В самый разгар приемки ему стало казаться, что и акушерка, и сиделки, и даже больные нарочно стараются придать себе равнодушное и веселое выражение. Они как будто понимали, что ему стыдно и больно, но из деликатности делали вид, что не понимают. И он, желая показать им, что ему вовсе не стыдно, кричал сердито:
– Эй вы, там! Затворяйте дверь, а то сквозит!
А ему уж было стыдно и тяжело. Принявши сорок пять больных, он не спеша вышел из больницы. Акушерка, уже успевшая побывать у себя на квартире и надеть на плечи ярко-пунцовый платок, с папироской в зубах и с цветком в распущенных волосах, спешила куда-то со двора, вероятно, на практику или в гости. На пороге больницы сидели больные и молча грелись на солнышке. Скворцы по-прежнему шумели и гонялись за жуками. Доктор глядел по сторонам и думал, что среди всех этих ровных, безмятежных жизней, как два испорченных клавиша в фортепиано, резко выделялись и никуда не годились только две жизни: фельдшера и его. Фельдшер теперь, наверное, лег, чтобы проспаться, но никак не может уснуть от мысли, что он виноват, оскорблен и потерял место. Положение его мучительно. Доктор же, ранее никогда никого не бивший, чувствовал себя так, как будто навсегда потерял невинность. Он уже не обвинял фельдшера и не оправдывал себя, а только недоумевал: как это могло случиться, что он, порядочный человек, никогда не бивший даже собак, мог ударить? Придя к себе на квартиру, он лег в кабинете на диван, лицом к спинке, и стал думать таким образом:
«Он человек нехороший, вредный для дела; за три года, пока он служит, у меня накипело в душе, но тем не менее мой поступок ничем не может быть оправдан. Я воспользовался правом сильного. Он мой подчиненный, виноват и к тому же пьян, а я его начальник, прав и трезв… Значит, я сильнее. Во-вторых, я ударил его при людях, которые считают меня авторитетом, и таким образом я подал им отвратительный пример…»
Доктора позвали обедать… Он съел несколько ложек щей и, вставши из-за стола, опять лег на диван.

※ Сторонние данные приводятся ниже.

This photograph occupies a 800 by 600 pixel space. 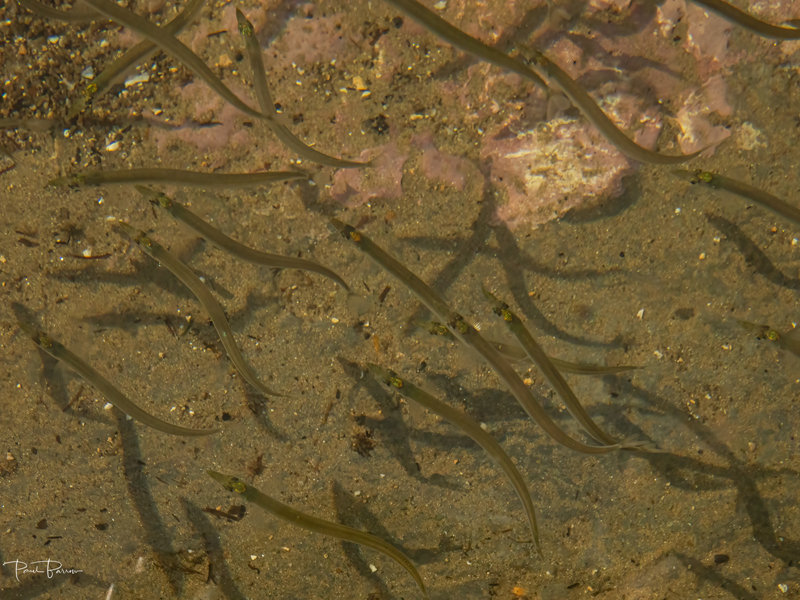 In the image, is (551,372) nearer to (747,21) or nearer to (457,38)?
(457,38)

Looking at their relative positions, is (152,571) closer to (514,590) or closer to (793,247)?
(514,590)

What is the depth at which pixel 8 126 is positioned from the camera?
4.74 meters

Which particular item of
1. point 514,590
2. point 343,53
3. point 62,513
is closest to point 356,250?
point 343,53

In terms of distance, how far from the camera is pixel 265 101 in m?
4.19

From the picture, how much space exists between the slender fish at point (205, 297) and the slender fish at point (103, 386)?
0.67 m

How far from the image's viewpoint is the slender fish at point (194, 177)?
13.6 ft

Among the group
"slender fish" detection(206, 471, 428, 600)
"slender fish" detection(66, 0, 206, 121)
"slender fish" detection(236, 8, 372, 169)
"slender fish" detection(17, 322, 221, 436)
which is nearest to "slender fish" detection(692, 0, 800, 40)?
"slender fish" detection(236, 8, 372, 169)

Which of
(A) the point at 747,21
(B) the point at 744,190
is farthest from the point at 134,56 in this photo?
(B) the point at 744,190

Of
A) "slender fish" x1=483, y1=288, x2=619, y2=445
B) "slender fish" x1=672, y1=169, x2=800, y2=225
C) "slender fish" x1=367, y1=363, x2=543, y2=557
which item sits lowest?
"slender fish" x1=367, y1=363, x2=543, y2=557

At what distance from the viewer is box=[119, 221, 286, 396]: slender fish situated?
166 inches

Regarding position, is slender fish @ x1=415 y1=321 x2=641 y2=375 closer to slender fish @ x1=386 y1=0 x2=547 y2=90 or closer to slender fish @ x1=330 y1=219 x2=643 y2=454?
slender fish @ x1=330 y1=219 x2=643 y2=454

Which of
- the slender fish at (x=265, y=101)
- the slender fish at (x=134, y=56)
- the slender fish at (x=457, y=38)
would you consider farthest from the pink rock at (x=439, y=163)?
the slender fish at (x=134, y=56)

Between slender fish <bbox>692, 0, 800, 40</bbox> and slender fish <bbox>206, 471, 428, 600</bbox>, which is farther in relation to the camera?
slender fish <bbox>206, 471, 428, 600</bbox>

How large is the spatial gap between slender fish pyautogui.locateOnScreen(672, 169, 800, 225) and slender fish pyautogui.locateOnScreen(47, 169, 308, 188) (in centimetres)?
323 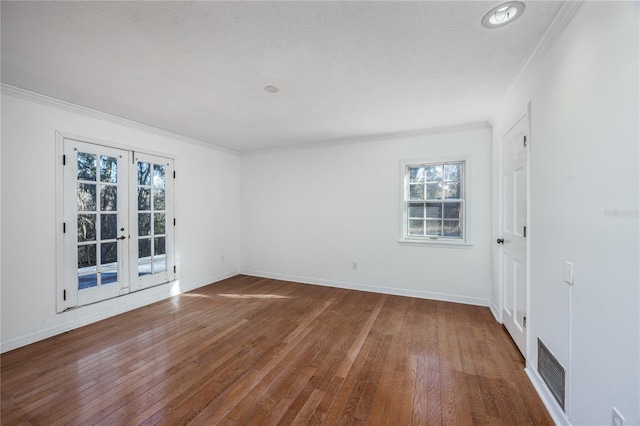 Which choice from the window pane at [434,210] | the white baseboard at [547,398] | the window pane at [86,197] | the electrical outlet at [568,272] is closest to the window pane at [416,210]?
the window pane at [434,210]

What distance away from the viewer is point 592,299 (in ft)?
4.31

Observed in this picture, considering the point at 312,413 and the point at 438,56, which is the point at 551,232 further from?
the point at 312,413

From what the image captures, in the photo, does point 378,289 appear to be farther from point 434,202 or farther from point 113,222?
point 113,222

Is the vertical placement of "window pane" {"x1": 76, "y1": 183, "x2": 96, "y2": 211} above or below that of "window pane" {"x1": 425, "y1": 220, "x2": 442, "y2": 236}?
above

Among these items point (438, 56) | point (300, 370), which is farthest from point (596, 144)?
point (300, 370)

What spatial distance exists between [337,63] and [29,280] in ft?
12.3

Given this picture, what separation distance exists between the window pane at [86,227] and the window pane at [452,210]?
15.7 feet

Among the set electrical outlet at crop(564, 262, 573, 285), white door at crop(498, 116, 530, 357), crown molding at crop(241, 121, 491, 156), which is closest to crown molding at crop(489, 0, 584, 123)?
Result: white door at crop(498, 116, 530, 357)

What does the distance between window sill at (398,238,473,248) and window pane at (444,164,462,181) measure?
0.94m

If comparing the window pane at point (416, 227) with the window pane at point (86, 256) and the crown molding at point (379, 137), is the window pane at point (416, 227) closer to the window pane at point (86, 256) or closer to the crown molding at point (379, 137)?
the crown molding at point (379, 137)

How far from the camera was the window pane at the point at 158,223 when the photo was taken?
3921 millimetres

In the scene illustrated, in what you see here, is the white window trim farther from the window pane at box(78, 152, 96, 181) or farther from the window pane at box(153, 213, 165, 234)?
the window pane at box(78, 152, 96, 181)

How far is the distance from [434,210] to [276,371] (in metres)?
3.14

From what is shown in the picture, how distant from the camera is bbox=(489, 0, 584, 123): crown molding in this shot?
1480 mm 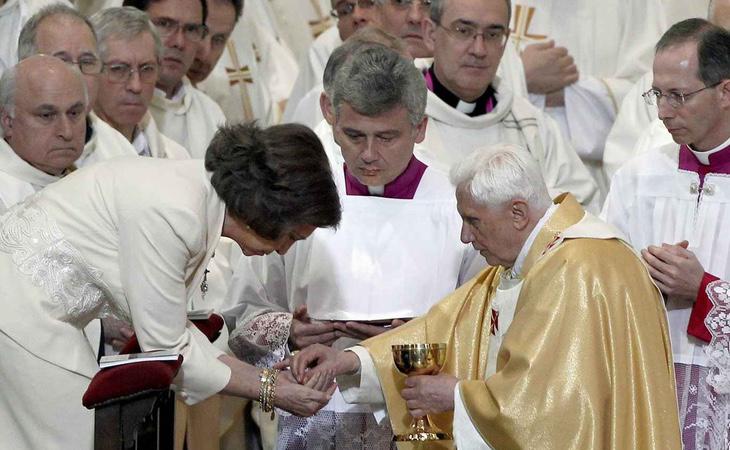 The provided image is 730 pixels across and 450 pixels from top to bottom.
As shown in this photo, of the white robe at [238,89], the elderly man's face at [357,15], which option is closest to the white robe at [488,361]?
the elderly man's face at [357,15]

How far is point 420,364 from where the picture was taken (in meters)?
4.96

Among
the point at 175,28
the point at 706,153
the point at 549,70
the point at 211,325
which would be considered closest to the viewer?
the point at 211,325

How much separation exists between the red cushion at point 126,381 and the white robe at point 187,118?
10.7 feet

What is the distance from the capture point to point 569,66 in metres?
7.82

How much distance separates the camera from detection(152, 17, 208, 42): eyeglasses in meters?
7.36

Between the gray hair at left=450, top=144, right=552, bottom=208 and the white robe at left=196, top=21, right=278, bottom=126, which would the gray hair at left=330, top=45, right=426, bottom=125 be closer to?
the gray hair at left=450, top=144, right=552, bottom=208

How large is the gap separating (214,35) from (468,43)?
6.48 ft

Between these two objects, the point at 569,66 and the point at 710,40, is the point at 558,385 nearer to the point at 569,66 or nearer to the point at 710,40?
the point at 710,40

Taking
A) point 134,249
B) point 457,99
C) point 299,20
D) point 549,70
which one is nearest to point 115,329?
point 134,249

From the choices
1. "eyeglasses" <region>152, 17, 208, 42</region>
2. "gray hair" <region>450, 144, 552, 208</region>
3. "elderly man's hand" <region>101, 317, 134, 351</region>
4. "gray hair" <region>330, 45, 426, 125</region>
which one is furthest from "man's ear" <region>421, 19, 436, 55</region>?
"elderly man's hand" <region>101, 317, 134, 351</region>

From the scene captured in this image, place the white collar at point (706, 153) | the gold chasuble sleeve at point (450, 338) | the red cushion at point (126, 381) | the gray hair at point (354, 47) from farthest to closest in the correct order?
the gray hair at point (354, 47) < the white collar at point (706, 153) < the gold chasuble sleeve at point (450, 338) < the red cushion at point (126, 381)

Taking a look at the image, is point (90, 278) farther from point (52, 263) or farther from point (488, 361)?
point (488, 361)

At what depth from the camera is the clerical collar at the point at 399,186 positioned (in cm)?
583

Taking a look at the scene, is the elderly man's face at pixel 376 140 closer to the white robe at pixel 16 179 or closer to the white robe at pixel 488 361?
the white robe at pixel 488 361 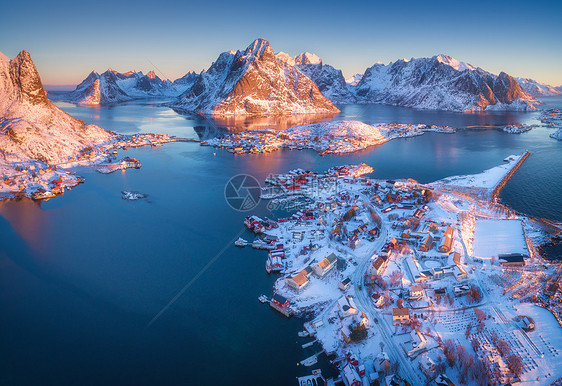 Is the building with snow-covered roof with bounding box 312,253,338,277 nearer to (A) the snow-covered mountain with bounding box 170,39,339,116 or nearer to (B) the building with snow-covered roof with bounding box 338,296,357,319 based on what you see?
(B) the building with snow-covered roof with bounding box 338,296,357,319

«Что же теперь делать? – продолжал он думать. – Надо возможно скорее дать ему удовлетворение… Но каким образом? Дуэли он, как практический человек, считает глупостью или не понимает их. Если в той самой палате, при сиделках и больных, попросить у него извинения, то это извинение удовлетворит только меня, а не его; он, человек дурной, поймет мое извинение как трусость и боязнь, что он пожалуется на меня начальству. К тому же это мое извинение вконец расшатает больничную дисциплину. Предложить ему денег? Нет, это безнравственно и похоже на подкуп. Если теперь, положим, обратиться за разрешением вопроса к нашему прямому начальству, то есть к управе… Она могла бы объявить мне выговор или уволить меня… Но этого она не сделает. Да и не совсем удобно вмешивать в интимные дела больницы управу, которая, кстати же, не имеет на это никакого права…»

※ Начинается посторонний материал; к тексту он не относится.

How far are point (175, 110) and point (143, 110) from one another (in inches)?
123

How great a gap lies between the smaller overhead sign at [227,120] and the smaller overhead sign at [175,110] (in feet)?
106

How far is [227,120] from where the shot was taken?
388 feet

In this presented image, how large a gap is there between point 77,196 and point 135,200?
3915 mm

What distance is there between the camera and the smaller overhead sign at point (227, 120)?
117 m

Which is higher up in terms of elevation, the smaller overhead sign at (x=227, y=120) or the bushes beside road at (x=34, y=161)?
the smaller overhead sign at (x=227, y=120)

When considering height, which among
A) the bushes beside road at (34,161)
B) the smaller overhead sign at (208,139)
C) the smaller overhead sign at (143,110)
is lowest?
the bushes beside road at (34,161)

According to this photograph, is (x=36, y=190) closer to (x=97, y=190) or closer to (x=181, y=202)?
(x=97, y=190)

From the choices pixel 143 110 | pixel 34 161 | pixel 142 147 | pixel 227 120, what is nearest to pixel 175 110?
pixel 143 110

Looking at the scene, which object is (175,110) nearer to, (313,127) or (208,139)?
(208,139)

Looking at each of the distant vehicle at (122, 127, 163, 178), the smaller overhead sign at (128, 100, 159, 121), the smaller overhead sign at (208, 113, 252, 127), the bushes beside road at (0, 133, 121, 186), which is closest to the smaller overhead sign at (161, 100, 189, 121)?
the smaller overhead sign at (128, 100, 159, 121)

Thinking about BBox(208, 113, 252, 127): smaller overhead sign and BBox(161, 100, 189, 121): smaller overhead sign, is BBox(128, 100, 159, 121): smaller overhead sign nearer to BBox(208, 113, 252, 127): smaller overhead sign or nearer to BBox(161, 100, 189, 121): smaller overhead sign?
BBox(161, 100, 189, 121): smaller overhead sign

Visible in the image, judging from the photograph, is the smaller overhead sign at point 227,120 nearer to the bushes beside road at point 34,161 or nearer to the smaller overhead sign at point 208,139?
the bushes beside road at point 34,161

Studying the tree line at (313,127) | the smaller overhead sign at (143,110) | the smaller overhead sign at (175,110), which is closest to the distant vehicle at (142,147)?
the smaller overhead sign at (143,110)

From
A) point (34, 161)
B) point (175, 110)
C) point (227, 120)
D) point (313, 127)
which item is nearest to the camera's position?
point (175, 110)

Часа через три после обеда доктор шел к пруду купаться и думал:
«А не поступить ли мне так, как поступают все при подобных обстоятельствах? То есть пусть он подаст на меня в суд. Я безусловно виноват, оправдываться не стану, и мировой присудит меня к аресту. Таким образом оскорбленный будет удовлетворен, и те, которые считают меня авторитетом, увидят, что я был не прав».
Эта идея улыбнулась ему. Он обрадовался и стал думать, что вопрос решен благополучно и что более справедливого решения не может быть.
«Что ж, превосходно! – думал он, полезая в воду и глядя, как от него убегали стаи мелких, золотистых карасиков. – Пусть подает… Это для него тем более удобно, что наши служебные отношения уже порваны и одному из нас после этого скандала все равно уж нельзя оставаться в больнице…»
Вечером доктор приказал заложить шарабан, чтобы ехать к воинскому начальнику играть в винт. Когда он, в шляпе и в пальто, совсем уже готовый в путь, стоял у себя посреди кабинета и надевал перчатки, наружная дверь со скрипом отворилась, и кто-то бесшумно вошел в переднюю.
– Кто там? – спросил доктор.
– Это я-с… – глухо ответил вошедший.
У доктора вдруг застучало сердце, и весь он похолодел от стыда и какого-то непонятного страха. Фельдшер Михаил Захарыч (это был он) тихо кашлянул и несмело вошел в кабинет. Помолчав немного, он сказал глухим, виноватым голосом:
– Простите меня, Григорий Иваныч!
Доктор растерялся и не знал, что сказать. Он понял, что фельдшер пришел к нему унижаться и просить прощения не из христианского смирения и не ради того, чтобы своим смирением уничтожить оскорбителя, а просто из расчета: «Сделаю над собой усилие, попрошу прощения, и авось меня не прогонят и не лишат куска хлеба…» Что может быть оскорбительней для человеческого достоинства?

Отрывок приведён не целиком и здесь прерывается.